Never hunted it, but thought about trying. Any luck in the past few years?


----------



## michael_M (Dec 9, 2009)

hunted there alot early in the season is great after thanksgiving hang it up lol unless u aint got any other place to hunt it gets tough


----------



## oldfatbubba (Dec 9, 2009)

Lot's of stealth porkers - tons of sign but few to be seen.   I went there for most of the special hog hunts this past spring and summer but saw nuthin...


----------



## Baseballfan2010 (Dec 9, 2009)

BRIAN1 said:


> Never hunted it, but thought about trying. Any luck in the past few years?
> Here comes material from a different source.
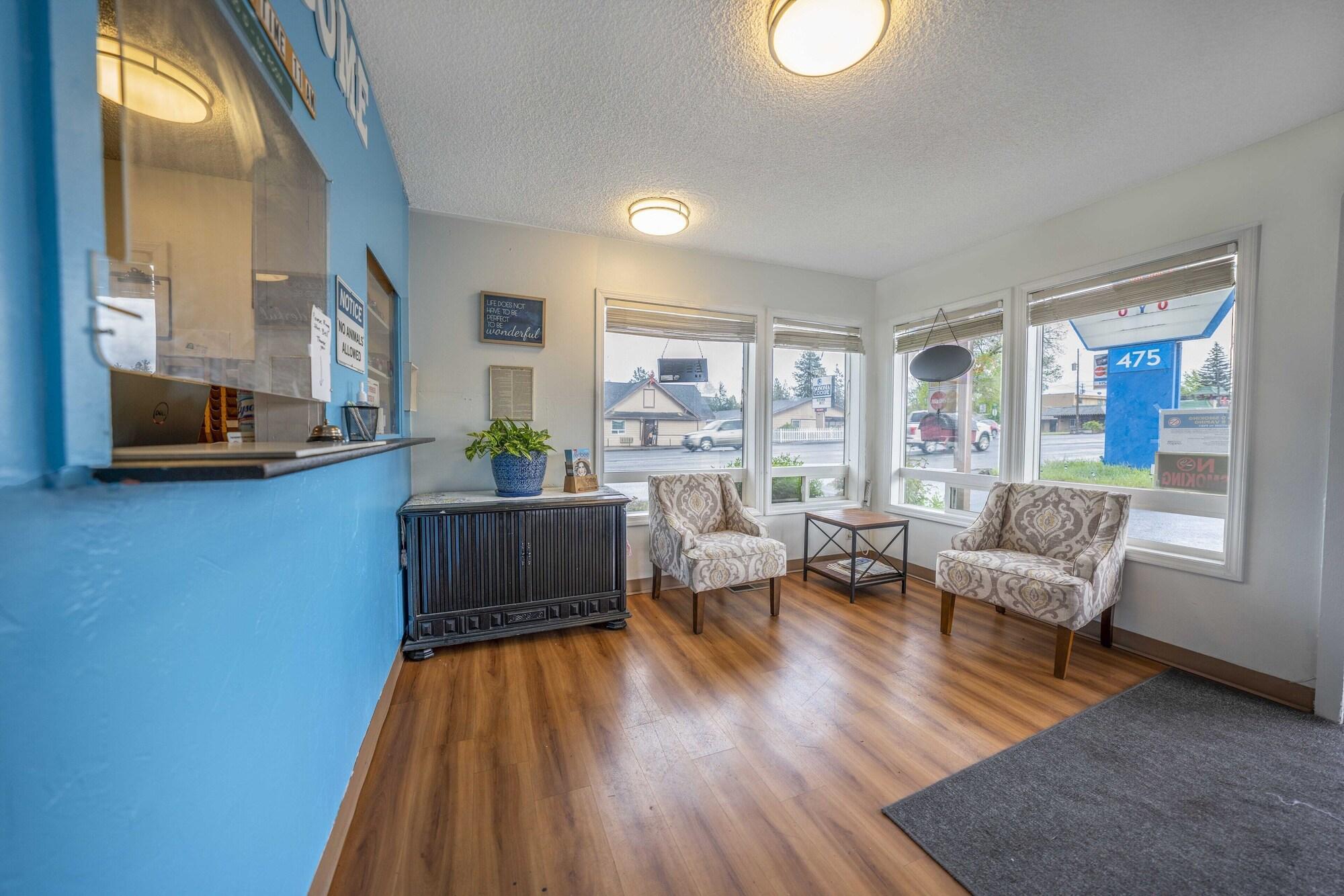 Vista Lobby Royal Gateway Motel By OYO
We have been going for about three years and this year yielded the best success. We went around Nov 14 and saw 10 deer. My dad harvested a 7 point and let a smaller 6 pt walk. I think we might have found the "honey hole". If you ever decide to go send me a pm and i will let you know where it is. Also, a friend of my dads seen a nice buck 2 years ago but he couldnt get a shot


----------



## Baseballfan2010 (Dec 9, 2009)

michael_M said:


> hunted there alot early in the season is great after thanksgiving hang it up lol unless u aint got any other place to hunt it gets tough



We usually have a tough time seeing them when we go in January. Have you ever killed anything there? Also this is the only public land we hunt and sadly its about as good as the woods we hunt around home. You have any suggestions about any other public land we should try?


----------



## michael_M (Dec 9, 2009)

ocmulgee i hunt hannahatchee all the time its hard hunting for sure but i still go cause i know every inch of the place and i have killed deer there and alot of them but ocmuglee is the better hunt go to area 10 awseome hunting u have to get deep there is aint like hanahatchee people will walk in on you


----------



## Baseballfan2010 (Dec 10, 2009)

When can you hunt at Ocmulgee? Is it a quota hunt or sign in?


----------



## michael_M (Dec 10, 2009)

sign in buck only this weekend get to it should be a good time


----------